Ian Rubin

Personal information
- Born: 17 April 1973 (age 53) Odesa, Soviet Union

Playing information
- Height: 191 cm (6 ft 3 in)
- Weight: 110 kg (17 st 5 lb; 240 lb)
- Position: Prop
Club
| Years | Team | Pld | T | G | FG | P |
| 1996–99 | South Sydney | 45 | 0 | 0 | 0 | 0 |
| 2000–01 | Sydney Roosters | 39 | 2 | 0 | 0 | 8 |
|  | Total | 84 | 2 | 0 | 0 | 8 |
Representative
| Years | Team | Pld | T | G | FG | P |
| 1998–00 | Russia | 10 | 1 | 0 | 0 | 4 |
- Source:

= Ian Rubin =

Russian rugby league footballer (born 1973)

Ian Rubin (Ян Рубін; born 17 April 1973) is a former Russia international rugby league footballer who played as a forward in the 1990s and 2000s. He played the majority of his professional career in the National Rugby League for the Sydney Roosters and the South Sydney Rabbitohs clubs. Rubin also played on several occasions for his adopted country of Russia, including four appearances as captain of the Russian national team at the 2000 World Cup after qualifying to play for them via the grandparent rule.

==Background==
Rubin was born in Odesa, Soviet Union.

==Club career==
===South Sydney Rabbitohs===
Rubin is Jewish. After his family emigrated to Australia in his teens settling in Sydney, Rubin took up rugby league while at school where he was eventually spotted by Rabbitohs scouts in the early 1990s. Rubin then signed his first professional contract for the South Sydney Rabbitohs for the beginning of the 1996 season where he quickly began playing in the first team side for the Sydney club usually playing as an impact prop-forward off the bench.

Rubin eventually made his name as a workhorse forward and over the next three years would go on to make forty-five appearances for the South Sydney side.

===Sydney Roosters===
Rubin signed for cross-town rivals the Sydney Roosters for the beginning of the 2000 season where he would put together an impressive string of performances for his new club quickly cementing his place as a starting prop-forward and appearing at prop forward in the Roosters 2000 NRL Grand Final loss to the Brisbane Broncos.
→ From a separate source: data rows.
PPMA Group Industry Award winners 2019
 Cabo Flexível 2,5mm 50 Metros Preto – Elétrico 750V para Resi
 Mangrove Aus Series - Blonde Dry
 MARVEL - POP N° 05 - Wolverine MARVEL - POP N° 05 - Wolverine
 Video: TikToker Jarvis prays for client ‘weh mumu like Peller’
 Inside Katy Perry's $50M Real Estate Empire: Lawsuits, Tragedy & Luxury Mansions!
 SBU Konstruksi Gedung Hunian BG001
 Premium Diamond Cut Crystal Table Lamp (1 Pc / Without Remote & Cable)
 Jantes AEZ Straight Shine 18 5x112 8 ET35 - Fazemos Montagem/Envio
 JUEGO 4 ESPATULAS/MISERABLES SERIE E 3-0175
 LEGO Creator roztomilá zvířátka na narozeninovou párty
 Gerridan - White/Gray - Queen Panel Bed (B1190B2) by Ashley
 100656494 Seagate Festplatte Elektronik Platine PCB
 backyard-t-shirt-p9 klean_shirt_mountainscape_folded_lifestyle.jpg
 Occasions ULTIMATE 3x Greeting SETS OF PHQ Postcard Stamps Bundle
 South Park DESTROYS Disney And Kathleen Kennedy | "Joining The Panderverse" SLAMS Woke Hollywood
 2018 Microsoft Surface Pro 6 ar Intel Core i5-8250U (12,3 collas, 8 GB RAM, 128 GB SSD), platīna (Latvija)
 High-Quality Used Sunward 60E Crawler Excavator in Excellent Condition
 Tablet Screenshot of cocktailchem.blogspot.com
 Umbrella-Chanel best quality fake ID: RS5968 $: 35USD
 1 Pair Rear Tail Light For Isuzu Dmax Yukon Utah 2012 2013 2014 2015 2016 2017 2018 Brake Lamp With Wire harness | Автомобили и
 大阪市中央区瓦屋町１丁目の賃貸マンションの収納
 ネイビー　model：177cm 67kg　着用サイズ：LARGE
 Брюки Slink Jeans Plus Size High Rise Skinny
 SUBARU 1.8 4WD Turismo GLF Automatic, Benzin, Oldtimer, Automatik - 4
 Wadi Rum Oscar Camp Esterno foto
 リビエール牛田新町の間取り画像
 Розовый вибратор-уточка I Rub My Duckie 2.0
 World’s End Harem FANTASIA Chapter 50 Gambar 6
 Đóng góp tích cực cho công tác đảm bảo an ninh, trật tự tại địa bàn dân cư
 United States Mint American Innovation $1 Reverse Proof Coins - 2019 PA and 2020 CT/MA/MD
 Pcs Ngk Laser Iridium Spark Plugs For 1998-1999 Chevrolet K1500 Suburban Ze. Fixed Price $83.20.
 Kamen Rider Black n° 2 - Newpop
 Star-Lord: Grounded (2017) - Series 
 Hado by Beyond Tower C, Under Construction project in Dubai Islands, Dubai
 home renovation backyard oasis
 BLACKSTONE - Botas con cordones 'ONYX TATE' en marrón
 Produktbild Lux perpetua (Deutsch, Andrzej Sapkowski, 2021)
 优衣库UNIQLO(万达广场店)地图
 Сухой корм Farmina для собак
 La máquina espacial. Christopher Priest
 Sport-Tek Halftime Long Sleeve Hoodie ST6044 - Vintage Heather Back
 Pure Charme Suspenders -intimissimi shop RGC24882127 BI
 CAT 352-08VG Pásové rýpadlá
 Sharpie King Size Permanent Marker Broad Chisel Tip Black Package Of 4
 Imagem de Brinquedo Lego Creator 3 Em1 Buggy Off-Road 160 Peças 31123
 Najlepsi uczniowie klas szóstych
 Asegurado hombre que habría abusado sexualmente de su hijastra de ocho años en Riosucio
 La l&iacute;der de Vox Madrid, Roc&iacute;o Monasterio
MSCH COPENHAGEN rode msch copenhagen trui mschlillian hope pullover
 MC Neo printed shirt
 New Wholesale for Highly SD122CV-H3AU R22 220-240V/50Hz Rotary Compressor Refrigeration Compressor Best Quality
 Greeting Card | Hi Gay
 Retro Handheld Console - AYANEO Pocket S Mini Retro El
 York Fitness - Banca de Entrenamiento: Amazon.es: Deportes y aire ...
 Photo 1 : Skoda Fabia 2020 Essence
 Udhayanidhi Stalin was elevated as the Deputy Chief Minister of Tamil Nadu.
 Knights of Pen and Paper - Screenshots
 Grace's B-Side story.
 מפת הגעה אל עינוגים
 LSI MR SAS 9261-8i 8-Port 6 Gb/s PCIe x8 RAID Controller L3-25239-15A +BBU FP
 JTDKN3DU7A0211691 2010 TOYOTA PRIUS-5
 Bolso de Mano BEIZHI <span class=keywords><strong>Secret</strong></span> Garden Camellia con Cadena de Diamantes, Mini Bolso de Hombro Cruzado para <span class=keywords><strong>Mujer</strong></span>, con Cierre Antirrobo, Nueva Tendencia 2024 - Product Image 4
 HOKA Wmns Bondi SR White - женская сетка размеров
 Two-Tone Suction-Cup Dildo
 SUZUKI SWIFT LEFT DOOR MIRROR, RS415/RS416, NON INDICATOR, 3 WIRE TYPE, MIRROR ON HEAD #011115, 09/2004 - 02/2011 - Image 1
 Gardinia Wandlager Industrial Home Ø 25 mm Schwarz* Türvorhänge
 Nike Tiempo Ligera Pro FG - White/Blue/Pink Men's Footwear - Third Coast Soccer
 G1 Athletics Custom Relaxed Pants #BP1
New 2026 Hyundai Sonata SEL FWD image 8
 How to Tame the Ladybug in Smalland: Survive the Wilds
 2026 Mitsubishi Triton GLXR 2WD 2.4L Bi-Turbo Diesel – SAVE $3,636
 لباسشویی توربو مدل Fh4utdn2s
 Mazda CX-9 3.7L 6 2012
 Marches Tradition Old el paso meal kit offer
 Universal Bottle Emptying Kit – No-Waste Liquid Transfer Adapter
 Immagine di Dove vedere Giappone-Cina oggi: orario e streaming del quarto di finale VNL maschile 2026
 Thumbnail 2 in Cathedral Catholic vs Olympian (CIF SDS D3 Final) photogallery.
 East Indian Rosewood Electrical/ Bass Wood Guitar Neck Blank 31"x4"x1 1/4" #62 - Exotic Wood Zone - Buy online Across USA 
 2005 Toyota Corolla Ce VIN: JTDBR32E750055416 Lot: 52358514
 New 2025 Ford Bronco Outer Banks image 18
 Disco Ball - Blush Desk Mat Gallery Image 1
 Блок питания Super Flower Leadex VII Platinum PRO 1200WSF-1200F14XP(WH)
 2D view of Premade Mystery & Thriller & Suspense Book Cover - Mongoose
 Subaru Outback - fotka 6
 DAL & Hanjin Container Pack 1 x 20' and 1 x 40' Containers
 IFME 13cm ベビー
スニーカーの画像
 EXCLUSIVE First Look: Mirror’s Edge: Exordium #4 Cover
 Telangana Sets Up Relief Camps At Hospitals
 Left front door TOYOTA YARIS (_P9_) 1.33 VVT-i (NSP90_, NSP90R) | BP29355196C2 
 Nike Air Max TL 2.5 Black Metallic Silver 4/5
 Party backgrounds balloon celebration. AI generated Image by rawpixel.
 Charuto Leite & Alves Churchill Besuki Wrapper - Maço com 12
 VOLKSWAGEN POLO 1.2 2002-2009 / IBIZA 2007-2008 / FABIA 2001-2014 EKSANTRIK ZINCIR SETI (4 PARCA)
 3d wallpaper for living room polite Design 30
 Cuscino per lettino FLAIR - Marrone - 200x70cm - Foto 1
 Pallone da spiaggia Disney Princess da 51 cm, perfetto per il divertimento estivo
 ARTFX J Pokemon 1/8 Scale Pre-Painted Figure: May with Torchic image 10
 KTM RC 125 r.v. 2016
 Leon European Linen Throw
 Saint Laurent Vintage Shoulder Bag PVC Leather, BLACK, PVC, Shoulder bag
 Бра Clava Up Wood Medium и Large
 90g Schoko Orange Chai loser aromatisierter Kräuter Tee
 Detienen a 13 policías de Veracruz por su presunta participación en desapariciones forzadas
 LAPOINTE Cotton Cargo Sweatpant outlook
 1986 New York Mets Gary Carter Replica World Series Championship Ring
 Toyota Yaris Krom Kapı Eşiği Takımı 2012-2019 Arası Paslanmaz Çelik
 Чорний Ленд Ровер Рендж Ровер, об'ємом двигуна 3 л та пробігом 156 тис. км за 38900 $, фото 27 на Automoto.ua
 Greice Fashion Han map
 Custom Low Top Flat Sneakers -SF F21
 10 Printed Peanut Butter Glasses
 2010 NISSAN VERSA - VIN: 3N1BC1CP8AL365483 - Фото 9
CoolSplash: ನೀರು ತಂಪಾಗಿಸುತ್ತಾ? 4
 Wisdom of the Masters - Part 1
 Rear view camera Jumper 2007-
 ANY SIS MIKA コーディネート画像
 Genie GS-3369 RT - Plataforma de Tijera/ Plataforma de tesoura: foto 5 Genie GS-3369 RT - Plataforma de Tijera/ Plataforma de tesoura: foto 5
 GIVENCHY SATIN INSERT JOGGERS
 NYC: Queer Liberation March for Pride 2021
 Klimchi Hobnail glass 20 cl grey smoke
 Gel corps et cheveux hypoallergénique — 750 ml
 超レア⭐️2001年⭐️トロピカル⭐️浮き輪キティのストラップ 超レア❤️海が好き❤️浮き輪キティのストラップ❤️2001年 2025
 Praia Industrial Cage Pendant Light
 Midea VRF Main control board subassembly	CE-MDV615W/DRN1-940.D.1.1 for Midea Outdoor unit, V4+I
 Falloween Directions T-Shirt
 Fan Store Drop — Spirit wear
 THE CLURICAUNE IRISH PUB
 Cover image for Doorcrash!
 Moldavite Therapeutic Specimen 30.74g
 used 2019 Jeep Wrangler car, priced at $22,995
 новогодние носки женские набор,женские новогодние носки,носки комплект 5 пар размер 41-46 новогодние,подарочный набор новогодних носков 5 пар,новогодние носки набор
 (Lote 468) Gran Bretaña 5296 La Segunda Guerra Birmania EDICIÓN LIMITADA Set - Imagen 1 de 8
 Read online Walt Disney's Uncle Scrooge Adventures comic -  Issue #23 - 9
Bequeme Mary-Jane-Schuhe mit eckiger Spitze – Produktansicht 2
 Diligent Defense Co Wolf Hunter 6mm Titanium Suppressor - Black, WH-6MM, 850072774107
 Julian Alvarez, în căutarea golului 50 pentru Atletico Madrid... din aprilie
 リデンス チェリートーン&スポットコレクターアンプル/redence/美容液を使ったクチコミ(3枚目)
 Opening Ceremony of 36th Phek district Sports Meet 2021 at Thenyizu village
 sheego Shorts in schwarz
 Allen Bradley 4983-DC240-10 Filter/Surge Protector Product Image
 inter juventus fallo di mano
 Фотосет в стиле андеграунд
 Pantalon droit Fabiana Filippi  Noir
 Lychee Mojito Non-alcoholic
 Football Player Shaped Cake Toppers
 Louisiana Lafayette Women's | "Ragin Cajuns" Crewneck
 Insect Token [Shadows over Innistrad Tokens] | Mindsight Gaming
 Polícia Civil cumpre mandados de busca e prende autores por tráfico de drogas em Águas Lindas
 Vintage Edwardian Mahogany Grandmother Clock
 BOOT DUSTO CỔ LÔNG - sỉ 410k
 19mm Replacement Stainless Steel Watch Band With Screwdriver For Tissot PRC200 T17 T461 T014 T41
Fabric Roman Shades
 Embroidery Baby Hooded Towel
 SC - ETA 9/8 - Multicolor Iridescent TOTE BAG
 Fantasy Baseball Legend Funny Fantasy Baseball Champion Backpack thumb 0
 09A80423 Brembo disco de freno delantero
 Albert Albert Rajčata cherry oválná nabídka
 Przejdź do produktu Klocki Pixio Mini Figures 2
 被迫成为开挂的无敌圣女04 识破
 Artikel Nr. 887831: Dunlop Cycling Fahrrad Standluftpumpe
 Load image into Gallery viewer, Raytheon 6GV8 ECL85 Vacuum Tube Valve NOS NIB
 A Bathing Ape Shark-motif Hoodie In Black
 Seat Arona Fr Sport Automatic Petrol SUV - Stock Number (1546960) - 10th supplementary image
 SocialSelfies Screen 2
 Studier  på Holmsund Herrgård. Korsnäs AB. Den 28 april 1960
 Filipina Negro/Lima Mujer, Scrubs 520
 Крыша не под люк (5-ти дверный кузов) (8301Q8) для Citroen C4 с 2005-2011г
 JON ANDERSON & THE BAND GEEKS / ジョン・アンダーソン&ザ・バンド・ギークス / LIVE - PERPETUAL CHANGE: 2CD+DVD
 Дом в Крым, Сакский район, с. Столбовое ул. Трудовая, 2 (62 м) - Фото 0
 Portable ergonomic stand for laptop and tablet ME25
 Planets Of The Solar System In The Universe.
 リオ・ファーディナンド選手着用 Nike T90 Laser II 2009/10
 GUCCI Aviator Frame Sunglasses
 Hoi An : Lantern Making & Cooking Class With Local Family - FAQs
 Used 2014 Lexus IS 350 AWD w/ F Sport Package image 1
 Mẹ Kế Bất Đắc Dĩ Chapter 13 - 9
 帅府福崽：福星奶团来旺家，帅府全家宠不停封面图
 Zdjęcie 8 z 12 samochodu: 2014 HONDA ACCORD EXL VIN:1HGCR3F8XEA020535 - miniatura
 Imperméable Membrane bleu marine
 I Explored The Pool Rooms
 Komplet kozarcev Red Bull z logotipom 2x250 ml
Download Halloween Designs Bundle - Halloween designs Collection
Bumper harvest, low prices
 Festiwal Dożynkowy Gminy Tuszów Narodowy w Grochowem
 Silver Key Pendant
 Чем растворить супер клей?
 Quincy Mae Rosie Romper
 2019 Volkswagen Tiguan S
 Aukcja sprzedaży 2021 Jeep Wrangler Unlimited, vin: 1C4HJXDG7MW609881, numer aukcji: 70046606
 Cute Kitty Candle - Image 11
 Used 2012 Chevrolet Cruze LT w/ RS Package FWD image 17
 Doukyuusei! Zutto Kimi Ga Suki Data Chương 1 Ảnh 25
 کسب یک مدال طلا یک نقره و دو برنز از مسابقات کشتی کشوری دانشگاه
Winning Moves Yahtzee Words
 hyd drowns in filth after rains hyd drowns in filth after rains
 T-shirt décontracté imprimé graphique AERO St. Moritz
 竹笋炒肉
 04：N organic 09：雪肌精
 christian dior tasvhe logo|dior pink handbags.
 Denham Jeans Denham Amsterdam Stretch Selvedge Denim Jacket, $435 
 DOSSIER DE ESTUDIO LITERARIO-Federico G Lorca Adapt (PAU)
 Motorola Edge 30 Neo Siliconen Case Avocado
Shortly after he travelled to England to captain Russia in their 2000 World Cup campaign.

Altogether Rubin would only play two seasons for the Roosters but appeared in close to every fixture and captained the club on the odd occasion.

==International career==
Rubin was originally enquired about by Russian management during 1998 as to where his heritage lay and whether or not he would be able to represent Russia for their World Cup qualifying fixtures in their bid to gain entry for the 2000 competition.

Although Rubin was born in Ukraine, both of his grandparents had originally come from Russia which meant Rubin was allowed to represent the Russian national side. From 1998 onwards he would help his adopted country to qualify for the Rugby League World Cup and then take part in their campaign as captain but ultimately they had a disappointing tournament, failing to win a match against superior competition in Australia, England and Fiji.